───── Dataset content ─────
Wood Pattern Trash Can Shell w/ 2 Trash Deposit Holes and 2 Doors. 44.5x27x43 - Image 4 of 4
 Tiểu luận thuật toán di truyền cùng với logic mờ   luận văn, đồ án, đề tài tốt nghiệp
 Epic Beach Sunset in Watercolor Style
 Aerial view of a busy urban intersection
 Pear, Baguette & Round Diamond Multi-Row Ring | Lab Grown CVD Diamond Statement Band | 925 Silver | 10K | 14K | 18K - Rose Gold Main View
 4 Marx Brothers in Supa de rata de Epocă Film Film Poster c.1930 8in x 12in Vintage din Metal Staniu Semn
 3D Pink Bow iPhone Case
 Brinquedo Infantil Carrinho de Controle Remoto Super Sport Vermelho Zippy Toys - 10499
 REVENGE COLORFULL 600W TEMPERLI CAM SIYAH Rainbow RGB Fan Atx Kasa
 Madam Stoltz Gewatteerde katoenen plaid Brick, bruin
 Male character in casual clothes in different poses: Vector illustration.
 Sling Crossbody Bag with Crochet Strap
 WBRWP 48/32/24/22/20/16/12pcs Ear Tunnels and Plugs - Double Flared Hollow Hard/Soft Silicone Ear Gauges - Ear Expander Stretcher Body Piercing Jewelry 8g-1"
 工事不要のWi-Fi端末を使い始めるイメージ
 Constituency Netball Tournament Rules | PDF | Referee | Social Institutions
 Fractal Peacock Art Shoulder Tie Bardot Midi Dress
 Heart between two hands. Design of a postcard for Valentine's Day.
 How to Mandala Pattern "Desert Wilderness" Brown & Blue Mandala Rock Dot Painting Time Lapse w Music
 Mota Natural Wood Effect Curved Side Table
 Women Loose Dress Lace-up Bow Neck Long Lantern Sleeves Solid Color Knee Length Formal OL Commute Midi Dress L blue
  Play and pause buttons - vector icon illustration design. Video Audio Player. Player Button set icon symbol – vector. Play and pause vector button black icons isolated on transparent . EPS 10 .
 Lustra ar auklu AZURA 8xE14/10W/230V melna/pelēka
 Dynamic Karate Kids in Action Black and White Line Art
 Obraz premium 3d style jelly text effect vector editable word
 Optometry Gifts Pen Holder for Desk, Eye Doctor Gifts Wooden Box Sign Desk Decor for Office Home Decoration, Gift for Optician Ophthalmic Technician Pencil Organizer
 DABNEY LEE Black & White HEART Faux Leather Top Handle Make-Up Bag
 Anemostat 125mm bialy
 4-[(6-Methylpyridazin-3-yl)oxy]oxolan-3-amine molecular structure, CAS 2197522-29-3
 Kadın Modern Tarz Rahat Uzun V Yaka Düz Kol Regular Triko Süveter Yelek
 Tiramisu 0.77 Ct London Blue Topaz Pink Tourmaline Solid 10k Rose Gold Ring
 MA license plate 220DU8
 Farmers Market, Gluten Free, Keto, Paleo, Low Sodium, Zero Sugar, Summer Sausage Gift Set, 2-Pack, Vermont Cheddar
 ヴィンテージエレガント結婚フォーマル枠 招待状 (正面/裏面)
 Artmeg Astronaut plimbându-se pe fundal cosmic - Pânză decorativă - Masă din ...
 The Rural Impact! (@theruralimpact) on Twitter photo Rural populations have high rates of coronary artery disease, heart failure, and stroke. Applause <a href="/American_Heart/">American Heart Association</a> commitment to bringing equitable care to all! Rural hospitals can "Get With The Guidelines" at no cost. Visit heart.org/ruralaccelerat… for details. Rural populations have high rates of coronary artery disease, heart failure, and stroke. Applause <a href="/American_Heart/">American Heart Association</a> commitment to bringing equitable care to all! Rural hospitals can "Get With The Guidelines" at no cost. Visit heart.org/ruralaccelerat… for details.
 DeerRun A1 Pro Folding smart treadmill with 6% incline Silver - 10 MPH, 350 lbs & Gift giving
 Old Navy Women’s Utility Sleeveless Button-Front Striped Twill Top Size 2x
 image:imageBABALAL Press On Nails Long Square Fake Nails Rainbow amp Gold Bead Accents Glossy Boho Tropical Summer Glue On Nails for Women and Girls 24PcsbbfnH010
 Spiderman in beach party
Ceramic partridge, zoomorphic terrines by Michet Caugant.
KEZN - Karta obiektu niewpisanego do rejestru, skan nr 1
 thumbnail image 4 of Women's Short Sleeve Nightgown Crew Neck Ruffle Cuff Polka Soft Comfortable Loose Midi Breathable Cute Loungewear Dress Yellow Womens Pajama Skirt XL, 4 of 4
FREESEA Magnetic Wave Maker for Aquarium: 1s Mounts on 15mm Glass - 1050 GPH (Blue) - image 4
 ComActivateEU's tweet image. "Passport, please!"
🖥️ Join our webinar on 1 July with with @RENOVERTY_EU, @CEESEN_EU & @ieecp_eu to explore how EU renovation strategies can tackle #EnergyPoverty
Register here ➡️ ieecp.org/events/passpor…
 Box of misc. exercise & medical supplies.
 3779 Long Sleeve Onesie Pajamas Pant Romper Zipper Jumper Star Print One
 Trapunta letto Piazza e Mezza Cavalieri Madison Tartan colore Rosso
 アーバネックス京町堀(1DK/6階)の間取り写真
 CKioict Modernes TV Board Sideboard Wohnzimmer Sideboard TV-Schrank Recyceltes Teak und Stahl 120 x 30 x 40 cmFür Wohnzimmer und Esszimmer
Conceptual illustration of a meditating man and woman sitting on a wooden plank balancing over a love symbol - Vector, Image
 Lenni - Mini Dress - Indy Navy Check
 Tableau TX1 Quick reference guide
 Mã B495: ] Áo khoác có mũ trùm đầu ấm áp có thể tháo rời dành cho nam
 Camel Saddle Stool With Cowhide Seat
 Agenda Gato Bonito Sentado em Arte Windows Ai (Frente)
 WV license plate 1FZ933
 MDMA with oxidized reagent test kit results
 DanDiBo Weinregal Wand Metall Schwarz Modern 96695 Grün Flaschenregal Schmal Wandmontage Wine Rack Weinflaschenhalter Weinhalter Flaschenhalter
─────
■ **Requirement**
Each line of the material above needs to be returned exactly as written.

■ **Solution to this task**
Wood Pattern Trash Can Shell w/ 2 Trash Deposit Holes and 2 Doors. 44.5x27x43 - Image 4 of 4
 Tiểu luận thuật toán di truyền cùng với logic mờ   luận văn, đồ án, đề tài tốt nghiệp
 Epic Beach Sunset in Watercolor Style
 Aerial view of a busy urban intersection
 Pear, Baguette & Round Diamond Multi-Row Ring | Lab Grown CVD Diamond Statement Band | 925 Silver | 10K | 14K | 18K - Rose Gold Main View
 4 Marx Brothers in Supa de rata de Epocă Film Film Poster c.1930 8in x 12in Vintage din Metal Staniu Semn
 3D Pink Bow iPhone Case
 Brinquedo Infantil Carrinho de Controle Remoto Super Sport Vermelho Zippy Toys - 10499
 REVENGE COLORFULL 600W TEMPERLI CAM SIYAH Rainbow RGB Fan Atx Kasa
 Madam Stoltz Gewatteerde katoenen plaid Brick, bruin
 Male character in casual clothes in different poses: Vector illustration.
 Sling Crossbody Bag with Crochet Strap
 WBRWP 48/32/24/22/20/16/12pcs Ear Tunnels and Plugs - Double Flared Hollow Hard/Soft Silicone Ear Gauges - Ear Expander Stretcher Body Piercing Jewelry 8g-1"
 工事不要のWi-Fi端末を使い始めるイメージ
 Constituency Netball Tournament Rules | PDF | Referee | Social Institutions
 Fractal Peacock Art Shoulder Tie Bardot Midi Dress
 Heart between two hands. Design of a postcard for Valentine's Day.
 How to Mandala Pattern "Desert Wilderness" Brown & Blue Mandala Rock Dot Painting Time Lapse w Music
 Mota Natural Wood Effect Curved Side Table
 Women Loose Dress Lace-up Bow Neck Long Lantern Sleeves Solid Color Knee Length Formal OL Commute Midi Dress L blue
  Play and pause buttons - vector icon illustration design. Video Audio Player. Player Button set icon symbol – vector. Play and pause vector button black icons isolated on transparent . EPS 10 .
 Lustra ar auklu AZURA 8xE14/10W/230V melna/pelēka
 Dynamic Karate Kids in Action Black and White Line Art
 Obraz premium 3d style jelly text effect vector editable word
 Optometry Gifts Pen Holder for Desk, Eye Doctor Gifts Wooden Box Sign Desk Decor for Office Home Decoration, Gift for Optician Ophthalmic Technician Pencil Organizer
 DABNEY LEE Black & White HEART Faux Leather Top Handle Make-Up Bag
 Anemostat 125mm bialy
 4-[(6-Methylpyridazin-3-yl)oxy]oxolan-3-amine molecular structure, CAS 2197522-29-3
 Kadın Modern Tarz Rahat Uzun V Yaka Düz Kol Regular Triko Süveter Yelek
 Tiramisu 0.77 Ct London Blue Topaz Pink Tourmaline Solid 10k Rose Gold Ring
 MA license plate 220DU8
 Farmers Market, Gluten Free, Keto, Paleo, Low Sodium, Zero Sugar, Summer Sausage Gift Set, 2-Pack, Vermont Cheddar
 ヴィンテージエレガント結婚フォーマル枠 招待状 (正面/裏面)
 Artmeg Astronaut plimbându-se pe fundal cosmic - Pânză decorativă - Masă din ...
 The Rural Impact! (@theruralimpact) on Twitter photo Rural populations have high rates of coronary artery disease, heart failure, and stroke. Applause <a href="/American_Heart/">American Heart Association</a> commitment to bringing equitable care to all! Rural hospitals can "Get With The Guidelines" at no cost. Visit heart.org/ruralaccelerat… for details. Rural populations have high rates of coronary artery disease, heart failure, and stroke. Applause <a href="/American_Heart/">American Heart Association</a> commitment to bringing equitable care to all! Rural hospitals can "Get With The Guidelines" at no cost. Visit heart.org/ruralaccelerat… for details.
 DeerRun A1 Pro Folding smart treadmill with 6% incline Silver - 10 MPH, 350 lbs & Gift giving
 Old Navy Women’s Utility Sleeveless Button-Front Striped Twill Top Size 2x
 image:imageBABALAL Press On Nails Long Square Fake Nails Rainbow amp Gold Bead Accents Glossy Boho Tropical Summer Glue On Nails for Women and Girls 24PcsbbfnH010
 Spiderman in beach party
Ceramic partridge, zoomorphic terrines by Michet Caugant.
KEZN - Karta obiektu niewpisanego do rejestru, skan nr 1
 thumbnail image 4 of Women's Short Sleeve Nightgown Crew Neck Ruffle Cuff Polka Soft Comfortable Loose Midi Breathable Cute Loungewear Dress Yellow Womens Pajama Skirt XL, 4 of 4
FREESEA Magnetic Wave Maker for Aquarium: 1s Mounts on 15mm Glass - 1050 GPH (Blue) - image 4
 ComActivateEU's tweet image. "Passport, please!"
🖥️ Join our webinar on 1 July with with @RENOVERTY_EU, @CEESEN_EU & @ieecp_eu to explore how EU renovation strategies can tackle #EnergyPoverty
Register here ➡️ ieecp.org/events/passpor…
 Box of misc. exercise & medical supplies.
 3779 Long Sleeve Onesie Pajamas Pant Romper Zipper Jumper Star Print One
 Trapunta letto Piazza e Mezza Cavalieri Madison Tartan colore Rosso
 アーバネックス京町堀(1DK/6階)の間取り写真
 CKioict Modernes TV Board Sideboard Wohnzimmer Sideboard TV-Schrank Recyceltes Teak und Stahl 120 x 30 x 40 cmFür Wohnzimmer und Esszimmer
Conceptual illustration of a meditating man and woman sitting on a wooden plank balancing over a love symbol - Vector, Image
 Lenni - Mini Dress - Indy Navy Check
 Tableau TX1 Quick reference guide
 Mã B495: ] Áo khoác có mũ trùm đầu ấm áp có thể tháo rời dành cho nam
 Camel Saddle Stool With Cowhide Seat
 Agenda Gato Bonito Sentado em Arte Windows Ai (Frente)
 WV license plate 1FZ933
 MDMA with oxidized reagent test kit results
 DanDiBo Weinregal Wand Metall Schwarz Modern 96695 Grün Flaschenregal Schmal Wandmontage Wine Rack Weinflaschenhalter Weinhalter Flaschenhalter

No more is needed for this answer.